分析方法
本レポートで利用したデータは、筆者等が独自に2016年3月に実施したインターネット上のアンケート調査である。調査はマイボイス株式会社( http://www.myvoice.co.jp )の登録会員等を対象に実施した。回答を得た35歳から64歳までの男女2,981人から、配偶者がいる男女1,907人を分析の対象とした。単身者と配偶者がいる場合で、退職までに保有すべき金融資産額が異なることが予測されるためである。

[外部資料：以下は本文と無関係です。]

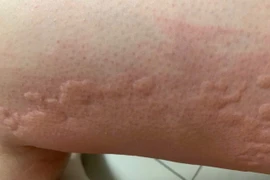 Mày đay cấp bùng phát mùa Tết, đừng chủ quan những mảng đỏ 'nở rộ' trên da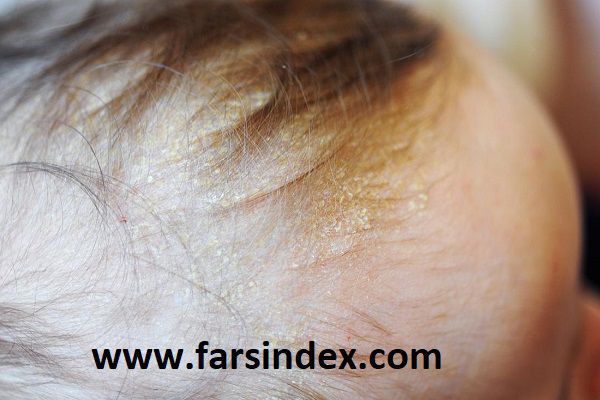 کلاهک گهواره ای یک نوع شوره سر است که نوزادان به آن مبتلا می شوند.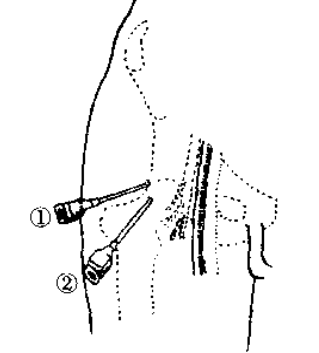 下与膝关节相通,故可在髌骨上方,股四头肌腱一侧,向内进针进入此囊(图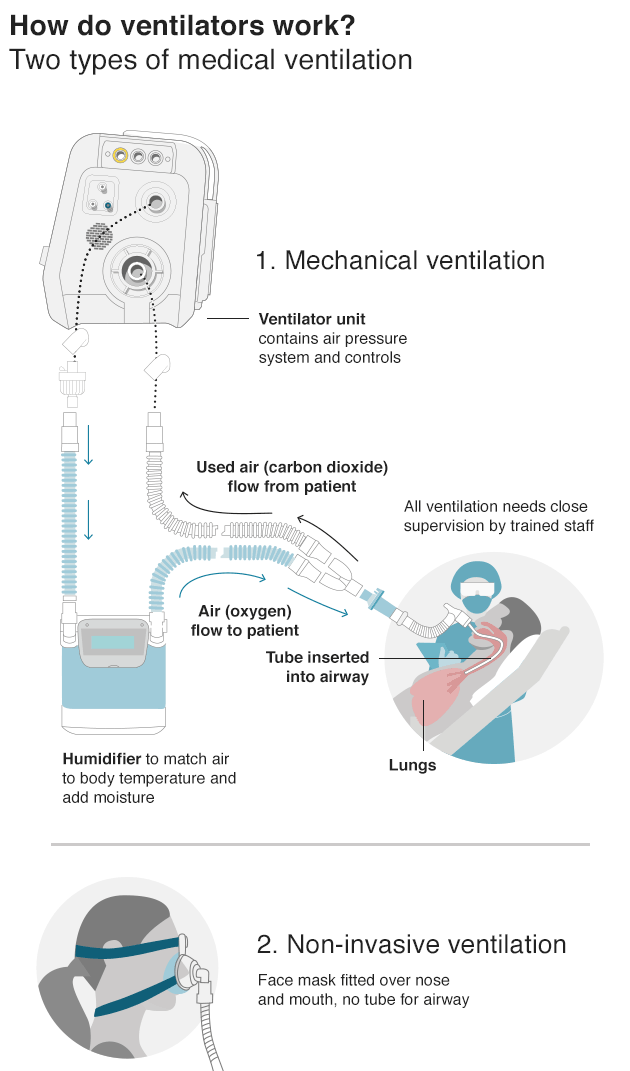 Two types of Medical Ventilation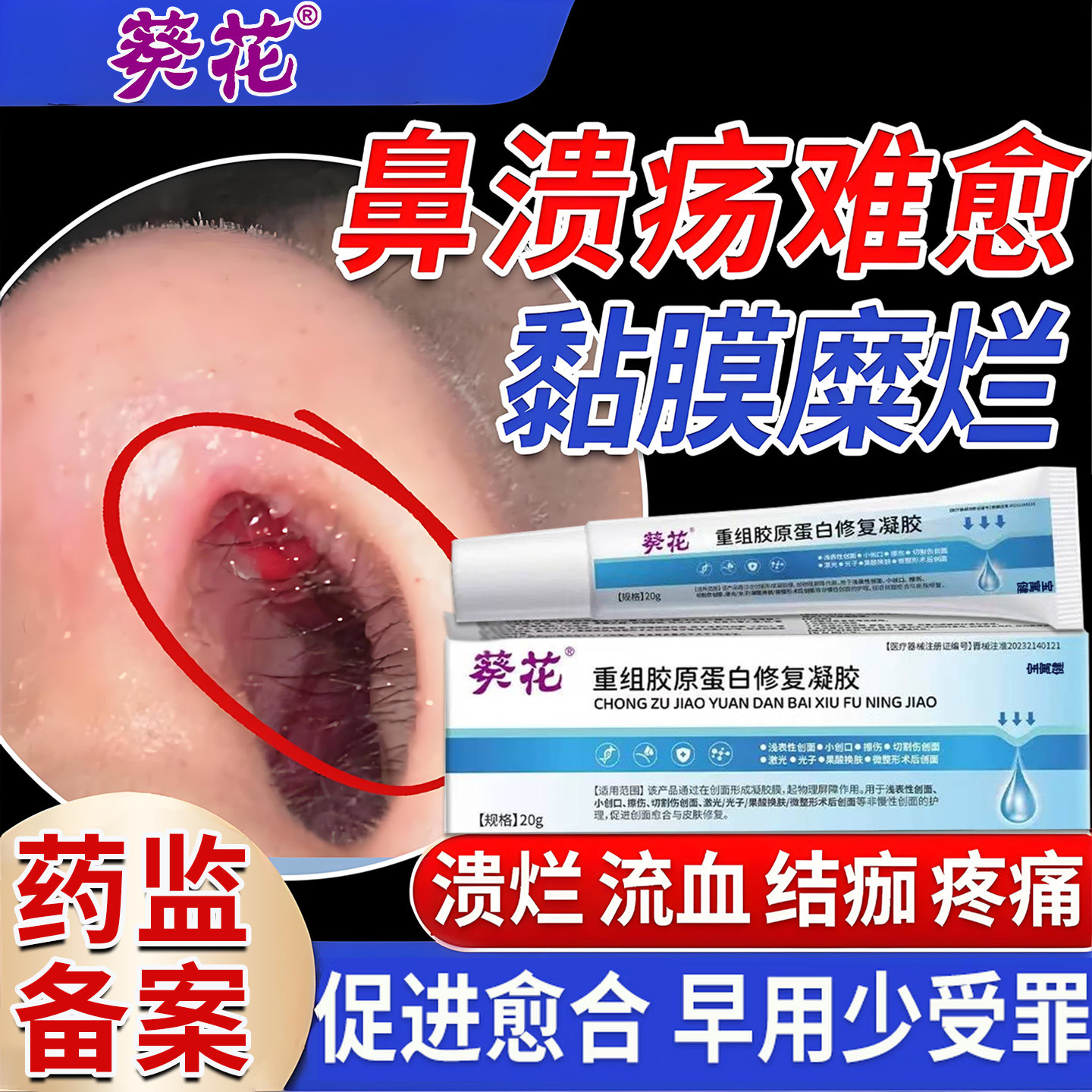 鼻中隔鼻腔溃疡上火鼻子生疮结痂鼻黏膜糜烂干燥性鼻炎修复凝胶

ねんきん定期便に関する質問は、「日本年金機構から、毎年の誕生月に、加入記録などのお知らせが送られてくること」について、知っている程度を尋ね、その回答を、1.よく知らない、2.どちらでもない、3.よく知っている、の3段階に分けて分析に利用する。曖昧な質問事項・選択肢であるが、ねんきん定期便が送られている制度や、その記載内容への理解の程度を表す変数(「ねんきん定期便に関する知識」とする)として分析に利用する。
予測される年金受給額については、60歳後半に受給できる公的年金の受取額(「予測年金受給額」とする)について、1万円単位の選択肢で尋ねたものである。また、自分で退職までにどのくらいの金融資産額を保有しておく必要があるのかについては、老後の生活のために65歳時点で、どのくらいの貯蓄が必要か、1.必要ない、2.100万円未満、3.100万円以上200万円未満、・・・、24. 1億円以上の24段階の選択で尋ねたものである(「65歳時点必要金融資産」とする)。なお、分析では、必要ない(0円)を除く3標準偏差を超える回答は外れ値として除外した。
分析結果
図表1は、ねんきん定期便に関する知識と、回答者が予測する年金受給額との関係を性別・年代別に表示している。パネルAは男性の予測年金受給額の分布である。ボックス・チャートの真ん中の線は平均、箱の上下は、それぞれ、75%タイルと25%タイルを表し、ひげの上限・下限は95%タイルと5%タイルを表す。30歳代から60歳代の全ての年齢に共通に、ねんきん定期便について1.よく知らないよりも、3.よく知っているの方が、予測する年金受給額が多くなっていることが見られる。特に年齢が上になるにつれて、その差は拡大している。パネルBは女性の予測年金受給額の分布である。男性と同様な傾向であるが、男性よりはねんきん定期便を良く知らない人と良く知っている人の差が縮小している。厚生年金の夫婦2人では受給額は概ね20~25万円程度であるので、ねんきん定期便を良く知っている方が、男性・女性ともに、実際の受給額に近い。ねんきん定期便を受け取り、内容を確認することで、年金に対する意識が高まっていると考えることができる。